The message sent is not always the message received.
Years ago I visited a friend in Honduras for a couple of weeks. Their Internet service was sparse at best, so I could only contact my husband, Neal, every other day or so, via email. The night before I was to fly home I received a message from him that said something like, I’ve looked over our budget. We need to make some changes. Vacuumed the entire house. Changes need to be made there too. See you soon.
Well, I don’t mind telling you I was pretty darned miffed. All night I fumed. So, he thinks I spend too much money does he? Well, one look in my closet where only six dresses hang and three pair of shoes sit on the floor, will prove I don’t. So, I don’t clean house good enough for him? Well, if he wants to take over the cleaning, more power to him.
At the airport in Tulsa, I had plenty of time to marinate in my anger. When I saw him, I could have frozen him with my stare. Clearly confused, he followed me as I sped to the luggage pick-up, all the while asking me what was wrong. Believe you me, I let him have it.

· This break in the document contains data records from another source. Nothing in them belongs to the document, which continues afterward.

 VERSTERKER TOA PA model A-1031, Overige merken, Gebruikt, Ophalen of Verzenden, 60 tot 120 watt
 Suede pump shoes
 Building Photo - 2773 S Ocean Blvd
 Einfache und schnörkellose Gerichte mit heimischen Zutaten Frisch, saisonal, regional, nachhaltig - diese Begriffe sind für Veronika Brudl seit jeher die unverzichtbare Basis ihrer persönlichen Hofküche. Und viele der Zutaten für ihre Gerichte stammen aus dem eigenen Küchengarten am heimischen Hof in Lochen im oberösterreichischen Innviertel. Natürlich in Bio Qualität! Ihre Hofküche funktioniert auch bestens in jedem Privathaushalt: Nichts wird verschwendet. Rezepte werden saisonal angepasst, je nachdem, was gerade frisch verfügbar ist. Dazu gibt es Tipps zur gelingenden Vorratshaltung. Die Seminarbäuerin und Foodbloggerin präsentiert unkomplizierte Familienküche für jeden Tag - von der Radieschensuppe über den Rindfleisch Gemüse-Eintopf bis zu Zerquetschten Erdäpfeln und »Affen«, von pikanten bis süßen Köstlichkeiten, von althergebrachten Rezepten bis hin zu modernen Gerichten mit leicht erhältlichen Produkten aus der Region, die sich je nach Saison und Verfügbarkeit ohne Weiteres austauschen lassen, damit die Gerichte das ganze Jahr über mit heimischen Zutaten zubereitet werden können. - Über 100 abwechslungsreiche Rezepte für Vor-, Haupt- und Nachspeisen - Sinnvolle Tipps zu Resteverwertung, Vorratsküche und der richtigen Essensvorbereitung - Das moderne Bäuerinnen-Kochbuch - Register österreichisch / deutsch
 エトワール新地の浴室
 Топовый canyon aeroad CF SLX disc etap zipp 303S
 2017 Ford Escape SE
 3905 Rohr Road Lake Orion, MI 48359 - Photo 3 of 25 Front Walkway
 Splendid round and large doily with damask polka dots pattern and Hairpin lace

Neal was so shocked by my inference of his email, he had to sit down. “Linda, I meant that our budget had to be changed to provide you with more money. I saw your closet when I vacuumed it and realized you clearly needed more clothes. And after using that vacuum, I realized we need a new one. I would have bought one already, but I wanted you to get what you wanted.
By the time he finished I was looking for something to crawl under. Since that day, when one of us says something that nettles the other, we answer, “This is what I hear you saying,” which gives the other the opportunity to clarify.
Emails, Facebook, Twitter, and other social media outlets are fertile seedbeds for misrepresentation, anger, negativity, and misunderstanding. Let us be careful. Yes, we are entitled to our opinion on our own page. Personally, I try to avoid controversial opinions even there. On another’s page, however, unless invited to do so, it is best to keep our opinions to ourselves.
That said, I violated this advice myself just a couple of days ago. A dear friend posted something that I had strong feelings about and I wrote a comment. Then I deleted it and wrote it again, edited and then posted. This violated my core value of peace and the nagging followed me like a whiney child. So I deleted it—again. What bothered me the most was the possible message she might have received from my comment. I would never want her to think that I thought of her as anything less than wonderful.
In my opinion it is best to send undeniable messages of peace, understanding, and love. AND yes, I was a teenager in the 70’s.